I mumbled, “Yeaah, fine. I think I sprained my ankle really bad,” The PA gave me a bemused look. Then he looked at his photos, shook his head, and said, “Well, the good news is that the bones are all going pretty much in the right direction.”
Sweet.
They kept me in the hospital that night. They wanted to watch for possible blood clots. The building actually housed two separate medical facilities. The entire second floor of the place was an orthopedic hospital, not connected with the rest of the operation. I was on the second floor. It was strangely convenient.

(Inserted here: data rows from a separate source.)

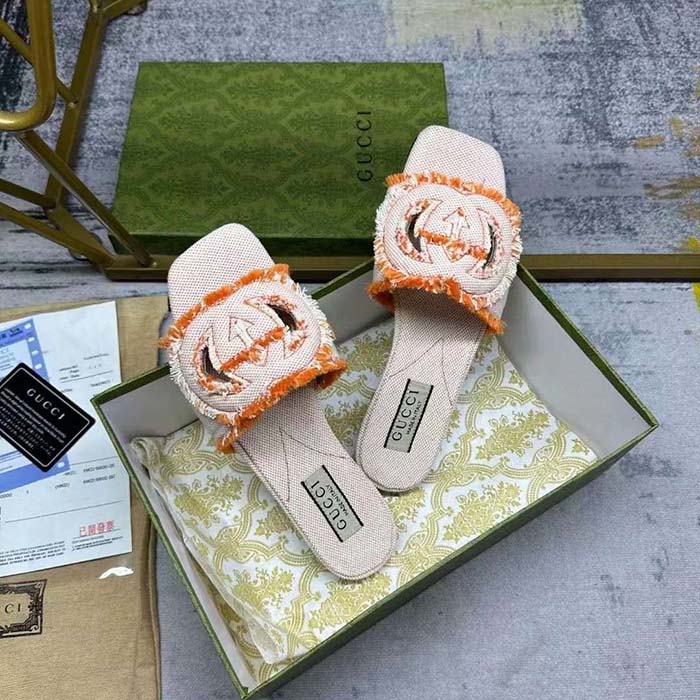 Gucci Unisex GG Interlocking G Slide Sandal Orange Canvas Leather Flat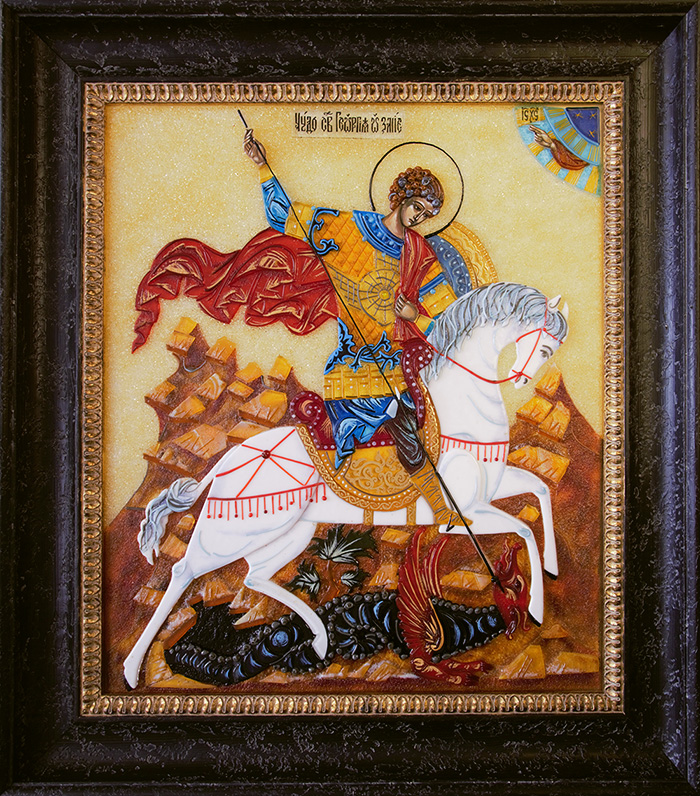 Икона из стекла "Георгий Победоносец"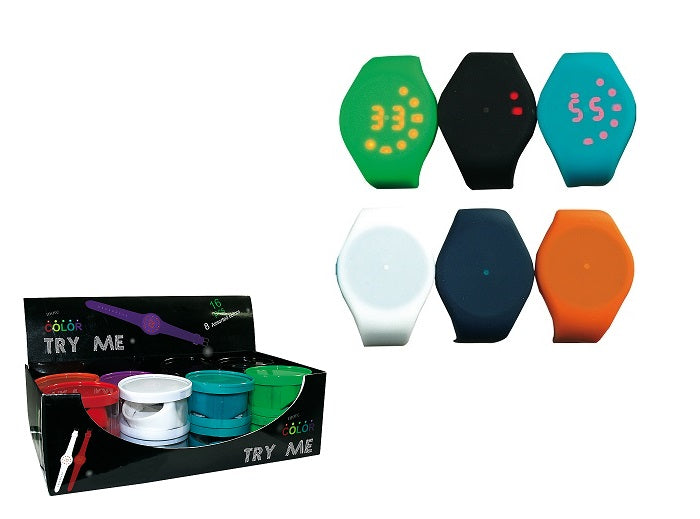 montre silicone tactile led''s fashion mix écran rond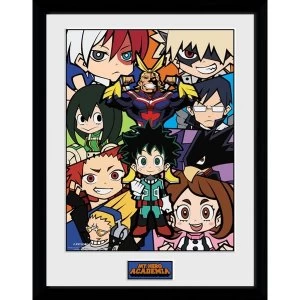 image of My Hero Academia Chibi Compilation Framed Collector Print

My surgeon popped in to say hi. He had just finished doing a procedure. He looked at my right foot and grabbed my big toe. He asked me, “Can you feel this?”
“Yeah.”
“Good. Good. I don’t think you have any nerve damage, and the skin isn’t broken. Come to my office in two days. We will do the surgery on the 10th.”
Then he smiled and left.
My wife took me to the surgeon’s office. I sat quietly while he looked over my x-rays. He gave me a wry smile and said, “You must have a million tiny fractures in that leg.”
I made whimpering animal sounds.
The doctor got serious. He said, “Well, maybe there aren’t a million fractures, but that foot and ankle are shattered. We are going to do our best to rebuild all that, but it will never be the same, and you will feel it every day for the rest of your life.”
Fair enough.
I asked the surgeon about the operation.
“So, do you do this with a local anesthetic?”
He laughed, and asked me, “Have you ever been put under?’
“No.”
“You will be.”
On the day of the surgery, as I was being prepped, the nurse told me, “While you are under, we will put a tube down your throat. When you wake up, your throat will be really sore, and you will be thirsty. We can’t give you water right away, but we can give you ice chips.”
Awesome.
I remember when they laid me on the table. The anesthesiologist told me that the drug might cause a slight burning sensation, but I would be asleep soon. She was right. As she administered the anesthesia, I started counting, and then I was gone, as in nonexistent.
I wonder if death is like that. What if death is just like being put under? There is nothing and nobody there, and there is really no “there” for anyone to be. That is somehow appealing in a twisted sort of way.
I was out for 2 and 1/2 hours (so I was told). As I returned from the void, I heard the distant voice of an angel. She was asking me, “Would you like an ice chip?”
I whispered hoarsely, “Oh, fuck yeah.”
_____________________
Frank (Francis) Pauc is a graduate of West Point, Class of 1980. He completed the Military Intelligence Basic Course at Fort Huachuca and then went to Flight School at Fort Rucker. Frank was stationed with the 3rd Armor Division in West Germany at Fliegerhorst Airfield from December 1981 to January 1985. He flew Hueys and Black Hawks and was next assigned to the 7th Infantry Division at Fort Ord, CA. He got the hell out of the Army in August 1986.